Sonic the Hedgehog follows the formula of the Masters of the Universe movie and the Beastmaster sequel by taking all the fantastical action of the premise of the intellectual property and shoehorning it into our world. This gives the movie a lot of “fish out of water” jokes – Sonic Encino Man's his way through the movie, understanding the world only through non-interactions he has from a distance and from pop culture. Sonic makes a variety of base pop culture references throughout the movie in substitute for jokes. [What do you do?] Great. Cringe. But that's not all. He also makes hacky jokes. [Do you have insurance?] Great. Cringe. The reference jokes were dated by the time the movie was released, by the way. It begins with a freeze frame record-scratch “Yeah, that's me, bet you're wondering how I get into this” kind of thing and proceeds with antiquated cracks about hipsters, which I think were a thing and an easy target for think piece articles nine years ago. Too old to be a timely joke. Not old enough to be a retro joke. Again, that's not all, because the movie also references the video game several times like Dr. Robotnik having a controller on his hand. Fan service is not respect for the audience. It's flattery. We need to stop being so easily impressed that a movie reminded you something exists. Defenders of the non-humor and rote story will undoubtedly say that it's a kids' movie.
AUDIO 4
But that all falls apart when better movies designed for younger audiences are in theaters right now, like Disney-Pixar's latest entry, Onward. The bar for a movie being good is NOT somehow lowered due to the average height of the target audience.

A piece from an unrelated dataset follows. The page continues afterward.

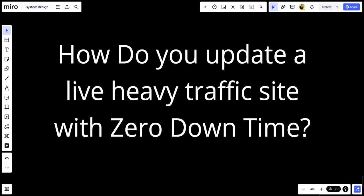How do you update a live heavy traffic site with zero downtime? Updating a live heavy traffic site with zero downtime requires careful planning and execution to ensure continuous service availability. Let's talk about some strategies and best practices to achieve zero downtime during updates.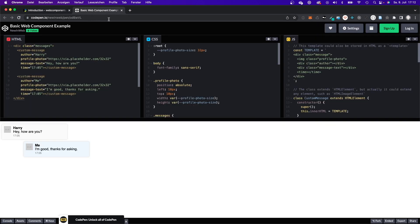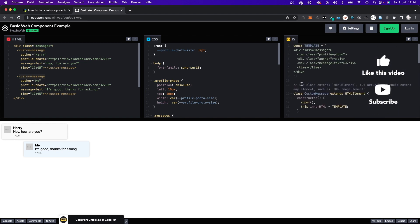I want to show you an example of what web components would look like. If you take a look here at this CodePen, this custom-message is a web component. It basically looks like just a regular HTML tag — not a tag like P or other HTML tags that you know, but a custom HTML tag that you as a developer get to decide the name of. You can see what this web component looks like, you can style it, and you can see the source code of how it was built using vanilla JS.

Last year saw the release of Klaus, Missing Link, The Lego Movie 2, and the most recent and perhaps final entries in the Toy Story and How to Train Your Dragon franchises. Not to mention live action fare like The Kid Who Would Be King. A movie being aimed at younger audiences is not somehow immune to criticism. If anything, movies aimed at younger audiences have an even greater responsibility to not be garbage for the same reason that every other product for children requires greater scrutiny. Scott Tafoya from Consequence of Sound put it best: “I didn’t laugh, but I’m maybe not the target audience for the thing. Who the target audience is I couldn’t tell you with a gun to my head. The school group I was told would be watching this flop sweat-soaked trifle is mostly 12 year olds from the looks of them. They laugh as a group three times. I counted. One of them laughed at one sight gag by himself. That’s it. They quietly talked amongst themselves the rest of the time. What a school is doing taking kids to see a movie based on a video game when they all own cell phones? Couldn’t tell you, but I’m guessing they enjoyed not being in class even if they clearly didn’t enjoy the movie.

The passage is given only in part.